Welcome to a Final Four filled with past national champions — just the way the NCAA selection committee drew it up, right?
OK, maybe not.
Sure, there’s plenty of the expected with 1-seed Villanova making it to San Antonio in pursuit of the program’s second title in three seasons. Kansas is the other 1-seed to navigate its way through a maze full of upsets as it pursues its first title since 2008.
And plenty figured No. 3 seed Michigan had a good shot to get to the Final Four as the Wolverines chase their first title since the Glen Rice-led group won the program’s first in 1989.

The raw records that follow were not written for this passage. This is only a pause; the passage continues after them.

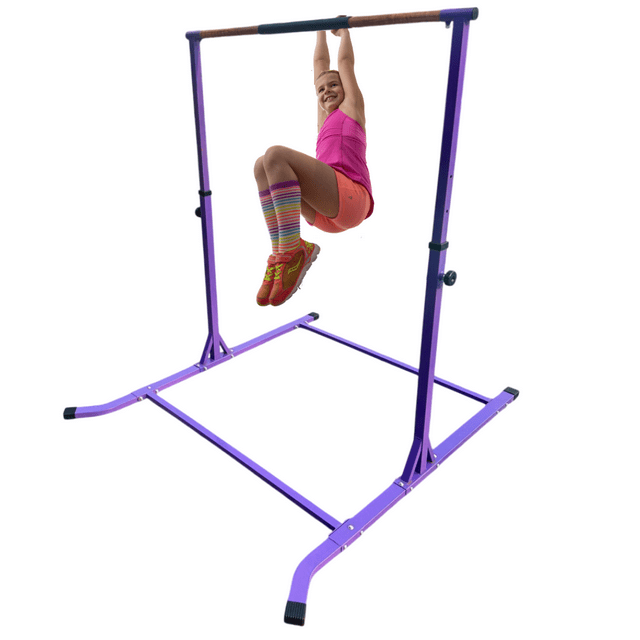 GYMPROS Barre de Gymnastique Athlétique Haute pour Enfants, Barre d'Entraînement de Gymnastique Avancée avec Hauteur Réglable jusqu'à 5 Pi avec Base Allongée, Barre Kip Horizontale avec Prise Rembourrée (Violet)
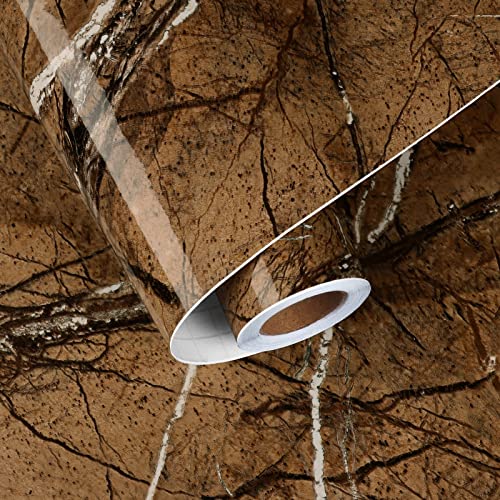 HotDecor Braune Tapete Selbstklebend Klebefolie für Küchenarbeitsplatte Marmor Folie für Möbel PVC Dekofolie Möbelfolie Küchenrückwand Küchenfolie Selbstklebend Klebefolie Marmoroptik 60cm X 300cm von HotDecor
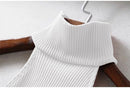 Womens Cotton Solid Girl Tops for Summer  Turtleneck Neck Vest Women Sleeveless T-shirts Basic Clothings for Women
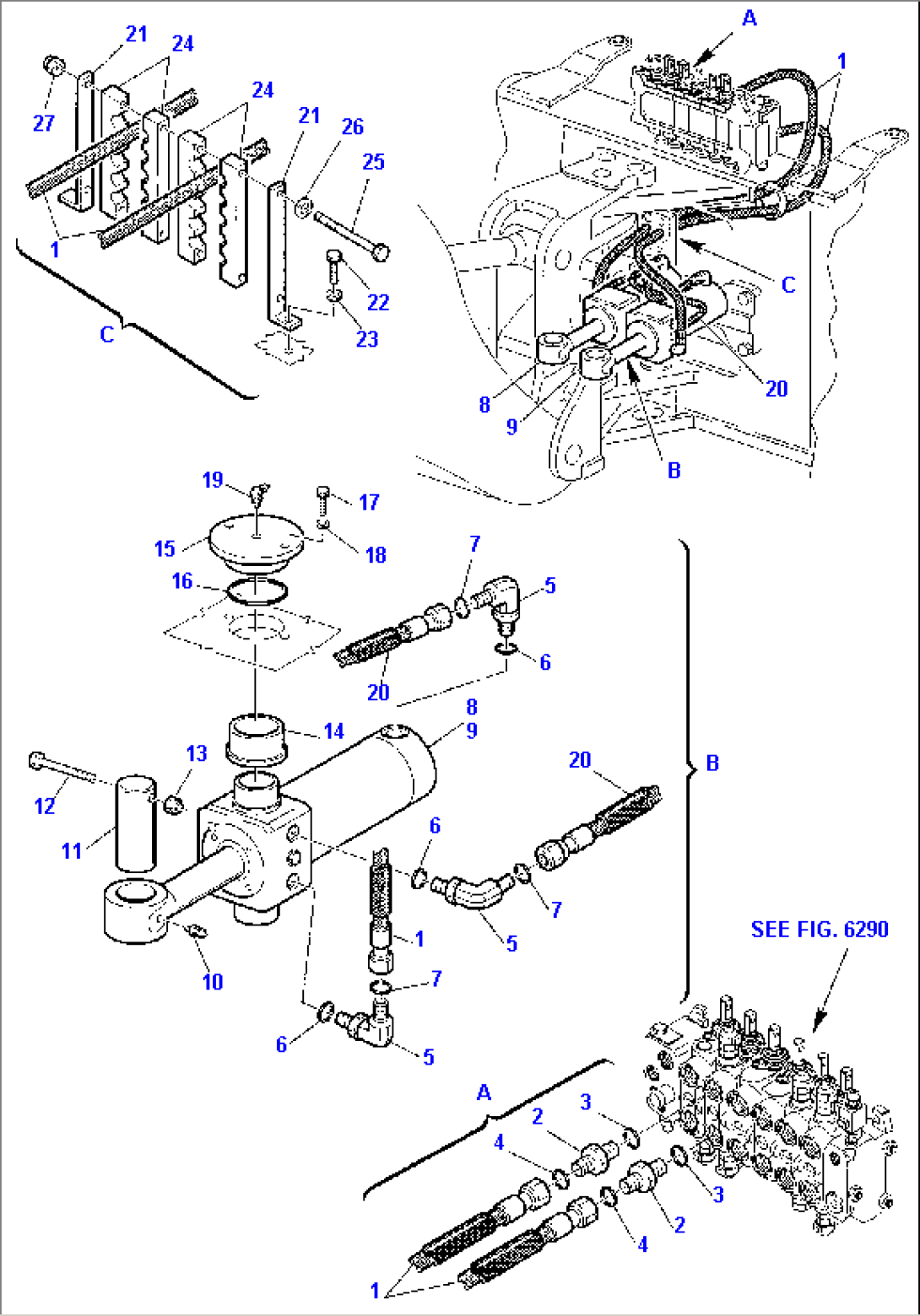 HYDRAULIC PIPING (BOOM SWING CYLINDER LINE)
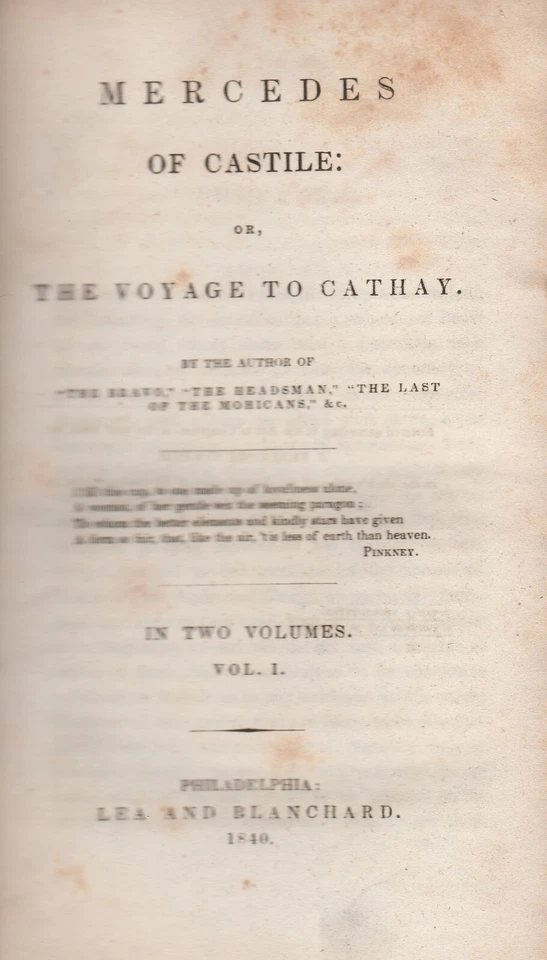 MERCEDES OF CASTILE BY JAMES F. COOPER, 1ST ED, 1840, 2 VOLUMES - Image 2 of 3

But Loyola-Chicago? Consider the 11th-seeded Ramblers the representative for all the low seeds — UMBC, Marshall and Buffalo, to name a few — that pulled off the big stunners in an upset-filled and memorable March.
And yes, the Ramblers do have a national championship, won way back in 1963 during the Kennedy administration.

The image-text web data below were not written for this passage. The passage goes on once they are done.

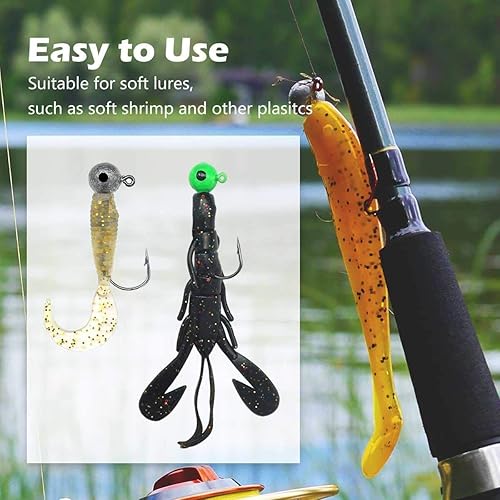 Miniatura 5 de Ganchos de cabeza de plantilla de pesca con cabeza de bola redonda, anzuelos de pesca, señuelos de lubina, cabezas de plantilla para trucha,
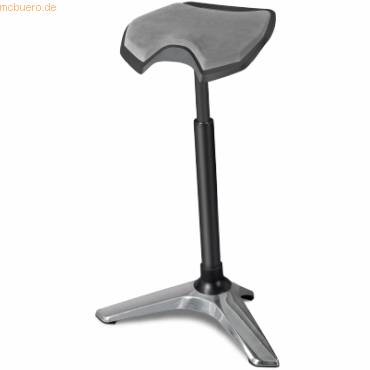 Sitz- und Stehhocker Stand 61-90cm Sattelsitz Mikrofaservlies grau/schwarz-0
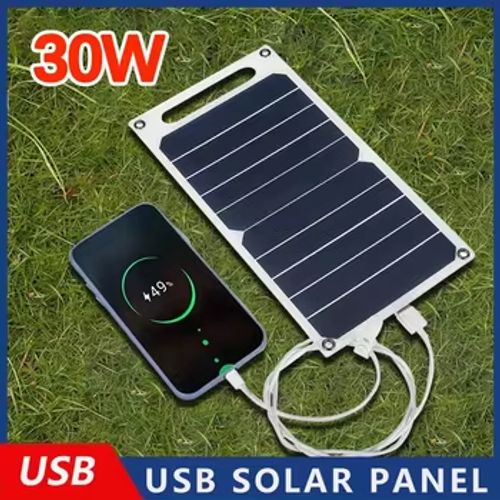 30W Portable Solar Panel | USB Waterproof Charger for Outdoor Hiking & Camping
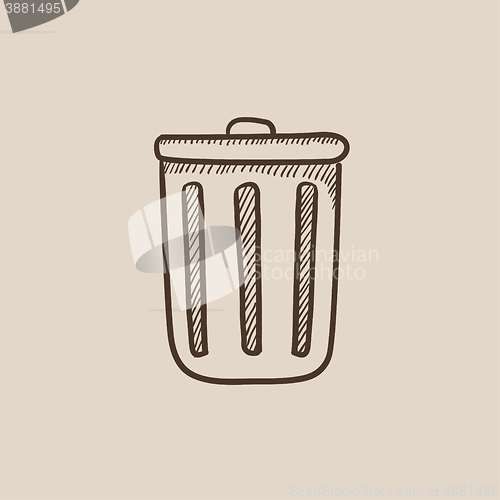 Image of Trash can sketch icon.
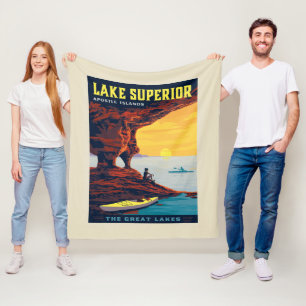 Great Lakes   Lake Superior Fleece Blanket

Now it’s time to prepare for next Saturday’s first national semifinal (Loyola vs. Michigan ) featuring the upstart against the surging power-conference team in an undercard to the heavyweight matchup of top seeds in the nightcap.
It’s a particular relief for Kansas, which had a No. 1 seed for the third straight season and lost in the Elite Eight the past two seasons — including in 2016 to Villanova as the Wildcats marched to the national title.
“You think about it, hey, in their careers all we’ve been is the No. 1 overall seed, the No. 2 overall seed and the No. 3 overall seed and haven’t gotten to a Final Four,” coach Bill Self said after Sunday’s overtime win against Duke in Omaha, Nebraska. “So that means that these guys have done so well to put us in a position but we hadn’t kicked the door in yet.
“I’m happy for us, staff, school, everything, but I’m more happy for these guys because they deserve to experience what the best of college basketball is — and that will be what takes place Saturday and Monday.”
FORESHADOWING?: If you’re into good omens, note that Kansas won its last title in San Antonio by beating North Carolina and Memphis under Self a decade ago. And that was the program’s first since Danny Manning and The Miracles won the 1988 title as a No. 6 seed — now an even 30 years ago.
So maybe years ending in eight bring a bit of luck for the Jayhawks?
RANKING THE SEEDS: Villanova was the No. 2 overall seed behind Virginia on Selection Sunday, putting the Wildcats as the headliner followed by Kansas at third. Michigan was No. 11 and Loyola-Chicago was No. 46.
WINING UGLY: Villanova and Michigan should arrive in Texas with an extra bit of confidence after winning games when they shot poorly.
The Wildcats shot just 33 percent and made 4 of 24 3-pointers (.167) in Sunday’s East final against Texas Tech . The Wolverines shot nearly 39 percent but made just 4 of 22 3s (.182) in Saturday night’s West final against Florida State .
On top of that, they combined to make 4 of 27 3s after halftime (.148). Yet here they are.
TITLE HISTORY: Top seeds have hoisted the trophy on the final Monday night of the season in 18 of the past 26 NCAA Tournaments, while No. 3 seeds have won three times (Syracuse in 2003, Florida in 2006, Connecticut in 2011) in that span.
Villanova remains the lowest-seeded team to win a title as a No. 8 in 1985.
NOT SO WILD AFTER ALL: With all the upsets, it sure looked like the Final Four had a chance to be filled with surprises. It didn’t end up that way.
The sum of the seeds for the four teams is 16, the highest since 2014 (18). But it was a far cry from joining the four other years since the tournament began seeding teams in 1979 that the combined total was at least 20: 1980 (21), 2000 (22), 2006 (20) and 2011 (26).
The last two of those were the most recent to feature an 11-seed before Loyola-Chicago’s run, with George Mason getting there in 2006 and VCU doing it in 2011. The only other Final Four to feature a No. 11 seed came in 1986 with LSU, though the combined seed total was 15 on the strength of 1-seeds Duke and Kansas, and 2-seed Louisville (the eventual champion behind freshman Pervis Ellison) joining the Tigers in Dallas.
ACC’S MISS: The Atlantic Coast Conference was trying to get a team into the national-title game for the fourth straight year but ultimately fell short of the Final Four.
Duke won the championship in 2015. Rival North Carolina lost to Villanova in the 2016 title game before coming all the way back and winning the 2017 title against Gonzaga. And 10th-seeded Syracuse was a surprise semifinalist in 2016 after upsetting No. 1 seed Virginia in a regional final.
IMPROVED NUMBERS: ESPN said none of the 17.3 million entrees had the Elite Eight teams correct in its Tournament Challenge picks contest. But 550 people correctly had the Final Four teams.
Villanova was the most popular pick to get there, winning the East Region on 58.4 percent of the submitted brackets.